I've attached a screen grab from a Xilinx FPGA image with ILAs showing the trap_ctrl.cause, the cpu_halt_req_o from the DM module and the PC. The PC is looping between the first 2 ROM instructions (all 0's) and you can the cause register flipping between 0x63 and 0x02 with 0x02 winning as we keep looping around the first ROM address.
Expected behavior
This I'm a bit unsure of as I'm not 100% into the RISCV specification regarding debug behavior. I'm assuming that halt request would take the highest priority to ensure that no matter the state of the core you can always halt it and get into debug mode.
Screenshots
Environment:
- OS: RHEL 7
- GCC Version RISCV gcc 13.1
- Libraries used: newlib
Hardware:
- Hardware version (1.9.3) bug patched
Additional context
I have a local fix to the issue which is to re-order the trap_ctrl.cause priority to make halt request the highest priority. With the fix we can successfully connect to the neorv32 core with Segger J-Link.

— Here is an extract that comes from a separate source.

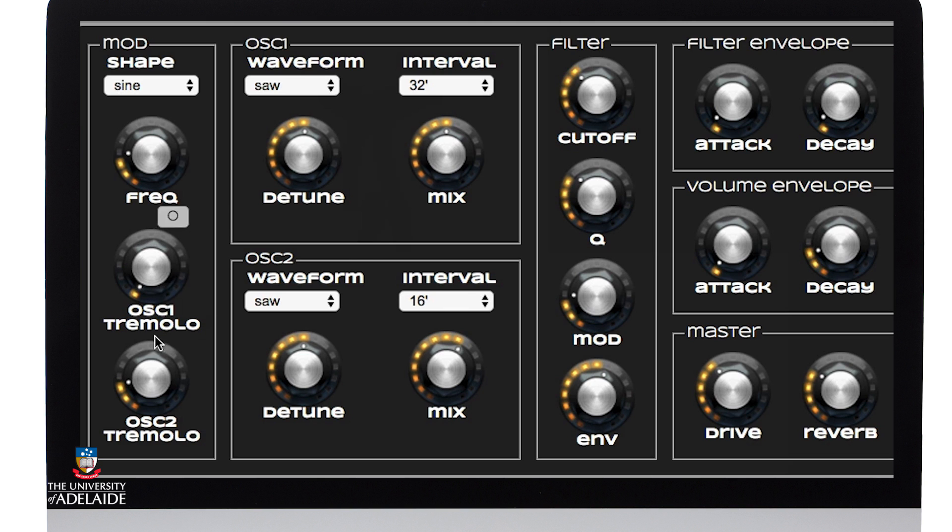I'm going to pull the tremolo down on each oscillator because I don't want the amplitude modulating, and I'll pull up the frequency of the modulator to 3 and switch it to triangle. I'm going to use this modulator to control or give the filter a bit of movement.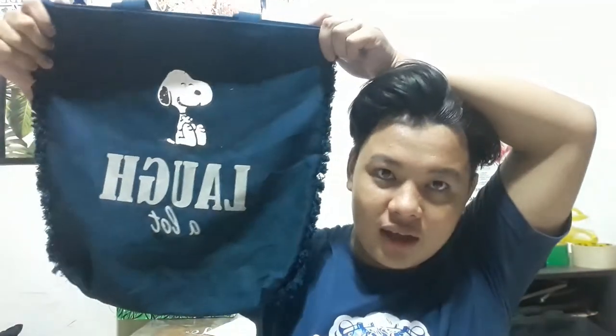I've been observing other people using this, and the original price of this bag is 25 pesos but I got it for 20 pesos, so basically I bought it for that. The color of this bag is navy blue, and as you can see there's a Snoopy print on it — this Snoopy print.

-- if we are supposed to halt, always halt
if (trap_ctrl.irq_buf(irq_db_halt_c) = '1') then trap_ctrl.cause <= trap_db_halt_c; -- external halt request (async)
-- if (trap_ctrl.exc_buf(exc_ialign_c) = '1') then trap_ctrl.cause <= trap_ima_c; -- instruction address misaligned
I also have a local DM modification that I believe better meets the debug spec 1.0 with regards to halt_req. With the added benefit that its a lot easier to support haltresetreq. I'm also holding reset for a bit long than 1 clock cycle, just to ensure that any "stuff" that has randomly pipelined somewhere gets time to get flushed.
Do note that for my implementation the reset to the OCD (DM and DMT) is seperated out from the rest of the system to support ndmreset. I can't remember what the current version of the core does.
-- CPU halt/resume request --
-- Ensure we hold halt request until the core has entered debug state
dmi_halt_core: process(rstn_i, clk_i)
begin
if (rstn_i = '0') then
hold_halt_req <= '0';
elsif rising_edge(clk_i) then
if (cpu_debug_i = '0') then
if ((dm_reg.halt_req = '1') or (dm_reg.setresethaltreq = '1')) then
hold_halt_req <= '1';
end if;
end if;
if (cpu_debug_i = '1') then
hold_halt_req <= '0';
end if;
end if;
end process dmi_halt_core;
cpu_halt_req_o <= hold_halt_req;
--cpu_halt_req_o <= (dm_reg.halt_req and dm_reg.dmcontrol_dmactive) or bool_to_ulogic_f((unsigned(resetHaltRequestHold) > 0)); -- single-shot
dci.resume_req <= dm_ctrl.hart_resume_req; -- active until explicitly cleared
-- SoC reset --
-- cpu_ndmrstn_o <= '0' when ((dm_reg.dmcontrol_ndmreset = '1') or (dm_reg.setresethaltreq = '1')) and (dm_reg.dmcontrol_dmactive = '1') else '1'; -- to processor's reset generator
dmi_reset_extend: process(rstn_i, clk_i)
begin
if (rstn_i = '0') then
resetHaltRequestHold <= (others => '0'); -- clear reset halt request
elsif rising_edge(clk_i) then
if ((dm_reg.dmcontrol_ndmreset = '1') or (dm_reg.setresethaltreq = '1')) then
resetHaltRequestHold <= (others => '1'); -- Set hold register to max count if we have a reset halt req
elsif (dm_reg.clrresethaltreq = '1') then
resetHaltRequestHold <= (others => '0'); -- clear reset halt request
end if;
-- as long as we are not 0 decrement
if (unsigned(resetHaltRequestHold) > 0) then
resetHaltRequestHold <= std_ulogic_vector(unsigned(resetHaltRequestHold) - 1);
end if;
end if;
end process dmi_reset_extend;
cpu_ndmrstn_o <= '0' when bool_to_ulogic_f((unsigned(resetHaltRequestHold) > 0)) else '1'; -- to processor's reset generator
Thanks for the detailed report!
The simplest way to reproduce it, which is how we found it, is to create an 0'ed ROM image which will cause the core to go into an infinite illegal instruction loop. This as mtvec as default points to the ROM whose first location is all 0s which triggers the illegal instruction trap.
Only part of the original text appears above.